■ INFORMATION SUPPLIED ■
--- START ---
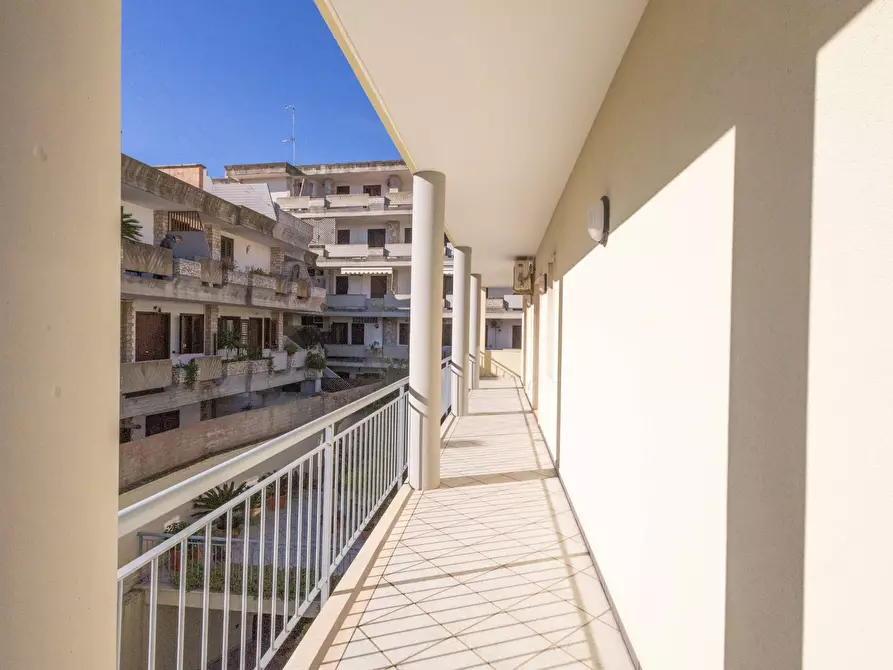 Immagine 21 di Villa in vendita  in via antonietta de pace a Lecce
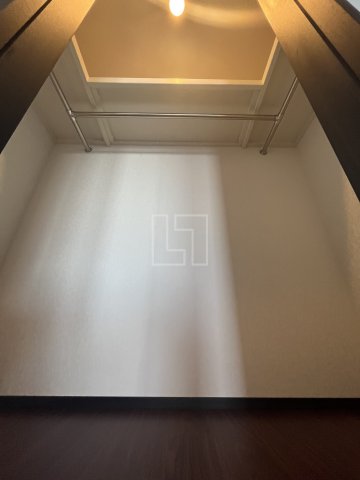 収納　プレジオ九条　クローゼット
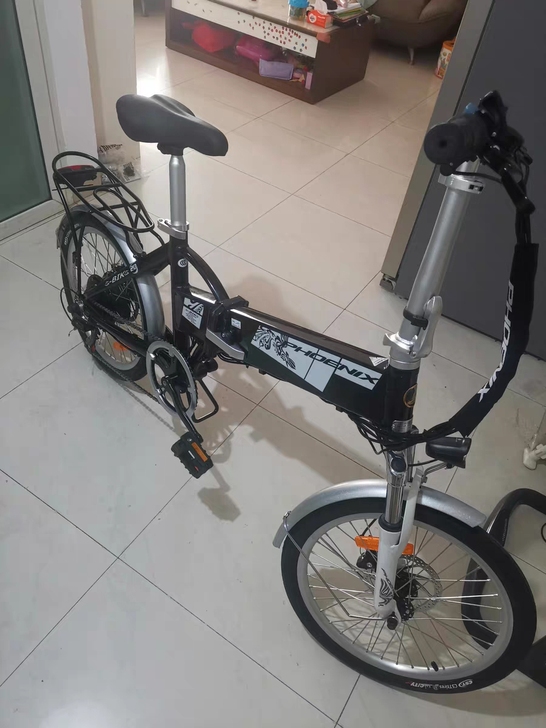 品牌型号 ：凤凰牌折叠电动自行车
--- END ---
■ WHAT NEEDS TO BE DONE ■
Without the pictures, print the whole listing exactly as given.

■ EXERCISE RESULT ■
 Immagine 21 di Villa in vendita  in via antonietta de pace a Lecce
 収納　プレジオ九条　クローゼット
 品牌型号 ：凤凰牌折叠电动自行车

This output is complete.